An Asian American activist group is calling for an awards boycott of director Paul Thomas Anderson's "Licorice Pizza" over its use of a fake Asian accent.
In the film, a white male restaurateur, played by John Michael Higgins, speaks to his Japanese wife with a fake Asian accent. He appears again in the film with another Japanese woman, his new wife, and he repeats the attempted gag.
While the film has garnered overwhelmingly positive reviews and generated a ton of awards buzz, some critics and people on social media blasted it for its depiction of racism without any pushback from its characters.
"Due to the casual racism found in the movie 'Licorice Pizza,' the Media Action Network for Asian Americans (MANAA) believes that Paul Thomas Anderson's film is not deserving of nominations in the categories of Best Picture, Best Director, or Best Original screenplay, and is asking other film critic associations to pass over it this awards season," MANAA said in a statement Dec. 18.
"To shower it with nominations and awards would normalize more egregious mocking of Asians in this country, sending the message that it's OK to make fun of them," the group said, noting the spike in anti-Asian hate crimes during the coronavirus pandemic.
Anti-Asian hate crimes increased by more than 73 percent in 2020, according to corrected data the FBI released in October. That was a disproportionate uptick compared to hate crimes in general, which rose by 13 percent.
A representative for Higgins and Anderson did not respond to multiple requests for comment.
Anderson addressed the criticism in an interview last month with The New York Times, in which the Times journalist said the accent was “so offensive that my audience actually gasped.”
Anderson responded: “I think it would be a mistake to tell a period film through the eyes of 2021. You can’t have a crystal ball, you have to be honest to that time. Not that it wouldn’t happen right now, by the way. My mother-in-law’s Japanese and my father-in-law is white, so seeing people speak English to her with a Japanese accent is something that happens all the time. I don’t think they even know they’re doing it.”
Sociologist Nancy Wang Yuen has previously said that while Anderson acknowledged that the movie was a "period" piece, the scenes still depicted racism “unfiltered.”

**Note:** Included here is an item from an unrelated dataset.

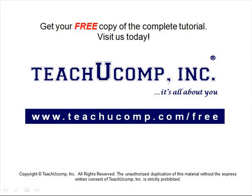Get your free copy of the complete tutorial at www.teachucomp.com forward slash free.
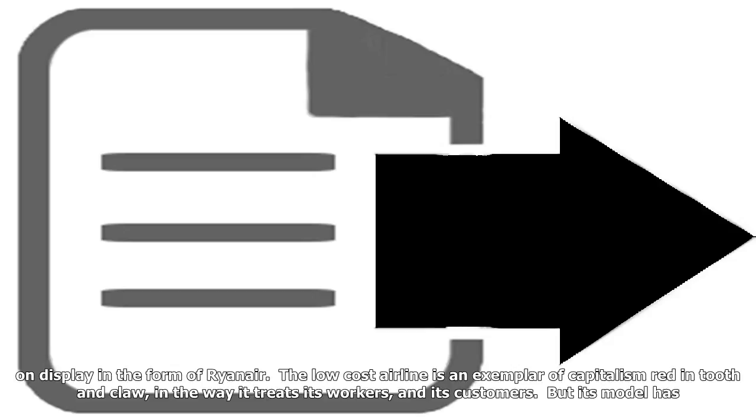Meanwhile, the dark side of the free market she was praising was openly on display in the form of Ryanair. The low-cost airline is an exemplar of capitalism red in tooth and claw in the way it treats its workers and its customers, but its model has led to the chaos of the mass cancellation of flights.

“If there are no consequences, scenes like this can almost glorify this behavior,” Yuen said. “You’re not laughing at [Higgins’ character] because he’s making fun of someone else. You’re either laughing with him at the expense of Asians or you’re going to be upset as a viewer.”
MANAA said the "cringeworthy" scenes did "not advance the plot in any way" and reinforced "the notion that Asian Americans are 'less than' and perpetual foreigners."
The film, which rolled out in limited release over Thanksgiving weekend, is a coming-of-age comedy-drama that stars Alana Haim (of the band Haim) and Cooper Hoffman (the son of the late Philip Seymour Hoffman), two young people growing up in the San Fernando Valley of California in the 1970s.